By age four, famously, MacNeil was already tackling the sophisticated Jacobite war poetry of Mo rùn geal òg ("My Fair Young Love"), one of the Òrain Mòr, or "Big Songs"."Traditional songs tended to run in families and I was fortunate that my mother and her family had a great love for the poetry and the music of the old songs. It was natural for them to sing, whatever they were doing at the time or whatever mood they were in. My aunt Mary, in particular, was always ready, at any time I called on her, to drop whatever she was doing, to discuss a song with me, and perhaps, in this way, long forgotten verses would be recollected. So I learned a great many songs at an early age without any conscious effort. As is to be expected on a small island, so many songs deal with the sea, but, of course, many of them may not originally be Barra songs. Nevertheless the old songs were preserved more in the southernmost islands of Barra and South Uist possibly because the Reformed Church tended to discourage music elsewhere."

== Music career ==
Following her father's death, a 14-year old Flora left school to work in the island's telephone exchange to help provide for her family. In 1949, the Post Office offered her a position in Edinburgh, where she immediately moved. Word of MacNeil's talents as a Gaelic singer had already preceded her and she was embraced by Edinburgh Communist poets and folk song promoters Hugh MacDiarmid, Hamish Henderson and Sorley MacLean. With their assistance, she found a public platform in the burgeoning round of Edinburgh ceilidhs and concerts that marked the first stirrings of the British folk revival. Sorley MacLean and Hamish Henderson also arranged for American musicologist Alan Lomax to meet MacNeil and record her singing. When Lomax first arrived in Scotland in June 1951, he later recalled, "It was in Edinburgh one June night in the house of Sorley MacLean, a poet, that Scotland really took hold of me. A blue-eyed girl from the Hebrides was singing." The girl was Flora MacNeil and the song was Cairistiona.
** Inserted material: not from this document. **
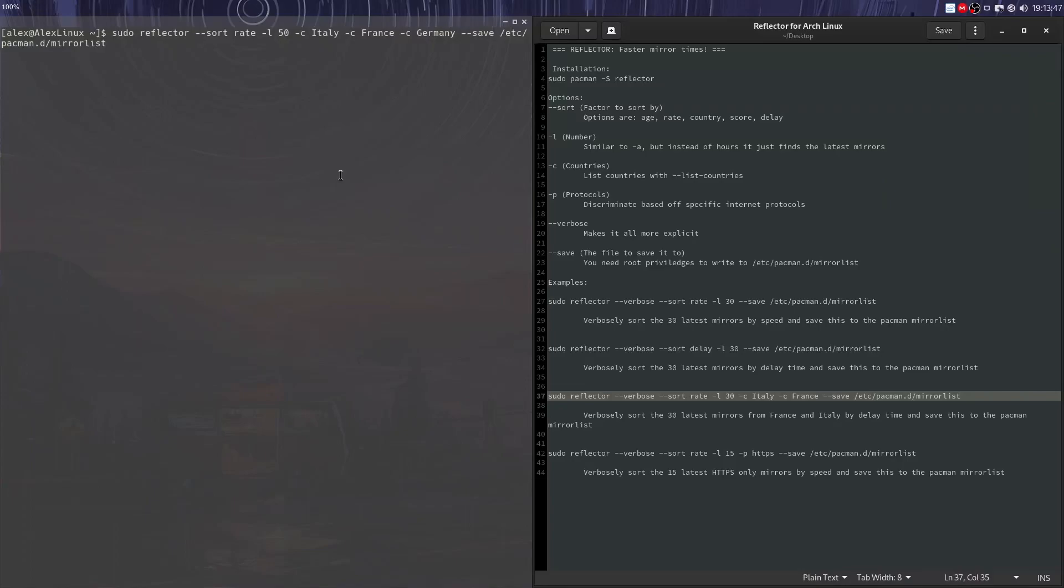And now we'll get 50 of the latest mirrors. We'll look through them and discriminate only by the ones that are from Italy, Germany, and France, and we're sorting them by rate. I didn't have the verbose option, so it's not giving us information on what it's doing, but it might give us mistakes or errors if the actual servers aren't responding, which happens sometimes because that's why there's so many mirrors. It has to be redundant.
Henderson also invited MacNeil to perform at the 1951 Edinburgh People's Festival Ceilidh. The ceilidh brought Scottish traditional music to a large public stage for the first time inside Edinburgh's Oddfellows Hall and continued long afterwards at St. Columba's Church Hall in August 1951. The Scottish Gàidhealtachd was represented at by Flora MacNeil, fellow Barra native Calum Johnston, and John Burgess. The music was recorded live at the scene by Alan Lomax. MacNeil performed, Mo rùn geal òg, Christine Ferguson's lament for her husband, William Chisholm of Strathglass, who fell as part of the Jacobite Army while bearing the standard of Clan Chisholm at the Battle of Culloden in 1746.

She then performed the Waulking song Cò siod thall air stràid na h-eala? ("Who is That Yonder on the Swan Road?"). followed with the Gaelic lament, Mo nighean donn bhòidheach ("My Lovely Brown-Haired Girl").

In 1975, Peter Kennedy acknowledged MacNeil as the source for each of the 24 Scottish Gaelic songs which appeared in his volume Folksongs of Britain and Ireland.

Flora MacNeil recorded two albums, Craobh nan Ubhal in 1976 (reissued in 1993) and Orain Floraidh in 2000.

While performing in 2000 at the annual Christmas Island Ceilidh in Cape Breton, Nova Scotia, MacNeil spread her arms wide and cried, "You are my people!" The hundreds of Canadian-born Gaels in the audience erupted into loud cheers.

In 2005, Alan Lomax's recording of the 1951 Ceilidh was released for purchase on compact disc by Rounder Records. This and all of Lomax's other recordings have since been digitized and made available online by the Association for Cultural Equity.

In 2026 her songs recorded by Dr James Kalokerinos between 1955 and '61 were made available by her daughter with the support by Creative Scotland and others.

==Personal life==
In 1955, Flora MacNeil married fellow Barra native, Alister MacInnes, who worked as a lawyer in Glasgow, where the couple raised their five children; Kenneth, Cairistiona, Seumas, Maggie and Donald.

==Death and legacy==
Flora MacNeil died after a short illness on 15 May 2015, aged 86.

Numerous Gaelic traditional singers such as Karen Matheson and Julie Fowlis have cited MacNeil as an important influence on their careers.

Flora's daughter, Maggie MacInnes, is also a Gaelic traditional singer and harpist.